TV and movies get Miranda wrong all the time. Chances are you have watched some show where as the cops are slapping the handcuffs on a suspect, they start the familiar,  “You have the right to remain silent. Anything you say may be used against you in the court of law…” Yet this scene hardly ever plays out like that in the real world – and that is perfectly legal.

Unless you are a lawyer, there is a good chance what you believe to be true about the so-called “Miranda Warning” is wrong. The most common question I hear from clients goes something like this: “The officer never read me my Miranda Rights, does that mean the case can be thrown out?” The short answer is: No.

First, let’s start by giving a little background on the Miranda warnings. I use the term “warnings,” not “rights,” because the rights are actually from the United States Constitution, not from the Miranda case. Miranda came from a 1966 United States Supreme Court case called Miranda v. Arizona. In that case, the Supreme Court said law enforcement must inform a suspect of their Constitutional rights prior to a custodial interrogation if they want to use the suspect’s statements against them in court. This ruling resulted in the standard warnings we hear cops repeat time and time again in our favorite crime dramas.

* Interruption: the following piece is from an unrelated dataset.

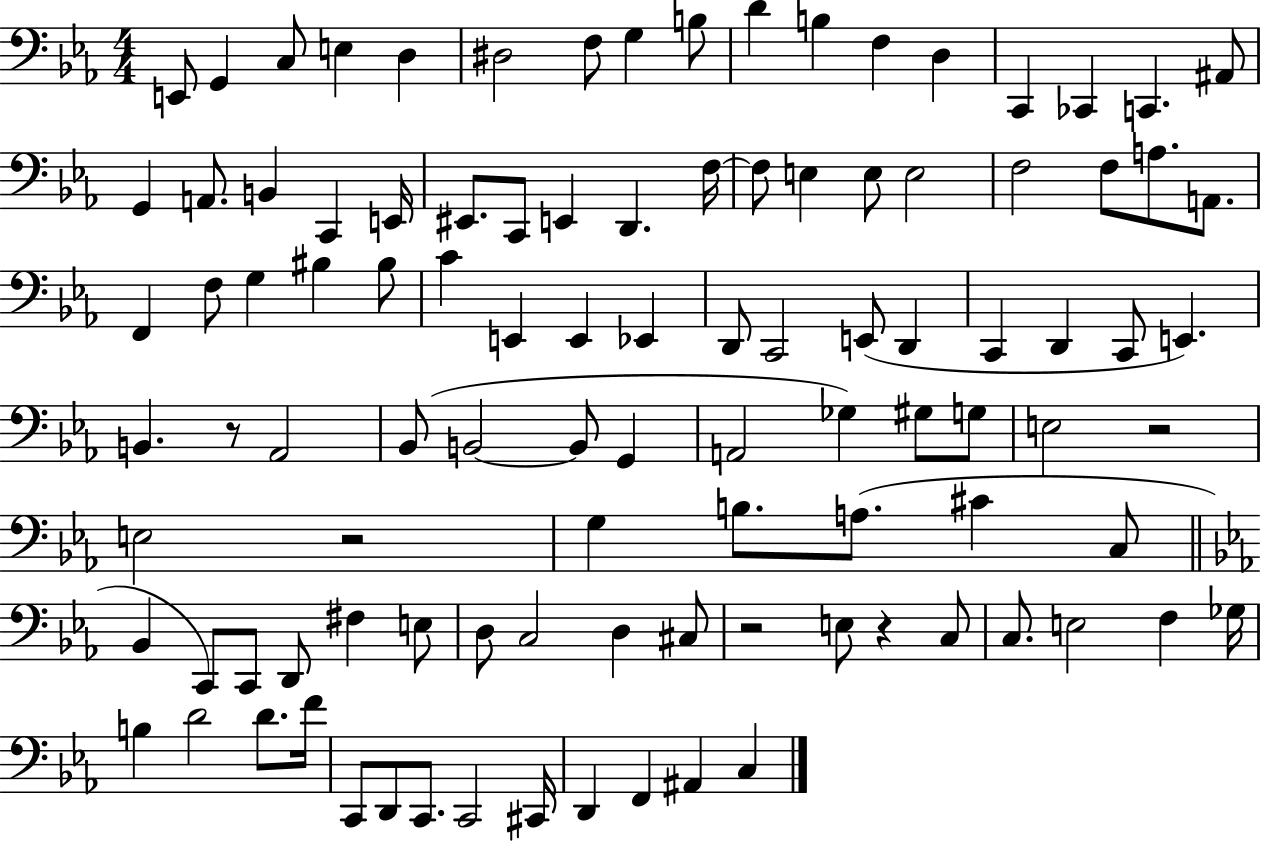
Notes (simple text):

E2/e G2/q C3/e E3/q D3/q D#3/h F3/e G3/q B3/e D4/q B3/q F3/q D3/q C2/q CES2/q C2/q. A#2/e G2/q A2/e. B2/q C2/q E2/s EIS2/e. C2/e E2/q D2/q. F3/s F3/e E3/q E3/e E3/h F3/h F3/e A3/e. A2/e. F2/q F3/e G3/q BIS3/q BIS3/e C4/q E2/q E2/q Eb2/q D2/e C2/h E2/e D2/q C2/q D2/q C2/e E2/q. B2/q. R/e Ab2/h Bb2/e B2/h B2/e G2/q A2/h Gb3/q G#3/e G3/e E3/h R/h E3/h R/h G3/q B3/e. A3/e. C#4/q C3/e Bb2/q C2/e C2/e D2/e F#3/q E3/e D3/e C3/h D3/q C#3/e R/h E3/e R/q C3/e C3/e. E3/h F3/q Gb3/s B3/q D4/h D4/e. F4/s C2/e D2/e C2/e. C2/h C#2/s D2/q F2/q A#2/q C3/q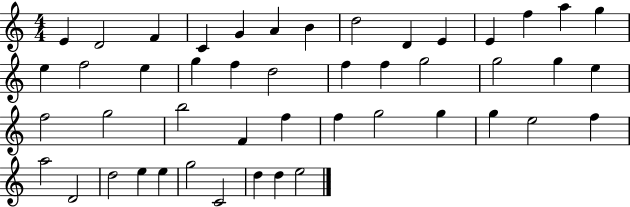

Where TV gets it wrong is when Miranda is required. Cops rarely read Miranda as they are slapping on the handcuffs. The reason for that is because Miranda is only required when two conditions are met:

  1.        The suspect is in custody, and
  2.        The cops are asking the suspect questions designed to get the suspect to give statements that could be used to incriminate the suspect.

If both of those conditions are not present, Miranda is not required. A suspect does not need to be under arrest to be in custody. Custody occurs when an individuals’ freedom of movement is restricted, such as when they are placed in the back of a squad car or in an interrogation room. Likewise, just because someone is in custody, does not mean the cops are asking questions designed to illicit answers that will incriminate that person.

Cops frequently do not read the Miranda warnings while arresting someone because they have no intention of asking the defendant any questions. Often times law enforcement will ask the incriminating questions early on in their contact with a suspect, before the suspect is in custody, so they do not need to read the Miranda warnings.

What happens if the cop does not read Miranda?

If a defendant was in custody, interrogated, and not read the Miranda warning prior to the interrogation, then the defendant’s statements cannot be used against him in court. However, that does not mean his case will automatically be thrown out. It simply means those statements made during the custodial interrogations cannot be used in court. If the prosecutor has enough evidence to proceed without the defendant’s statements, the case will continue. All of the other evidence gathered against the defendant will still be admissible.

If you ever find yourself in a situation where you are confronted by law enforcement, remember that the police do not have to read you Miranda. Also remember that you always have the right to remain silent, and you (almost) always have the right to call an attorney regardless of whether or not the officer has read the Miranda warnings.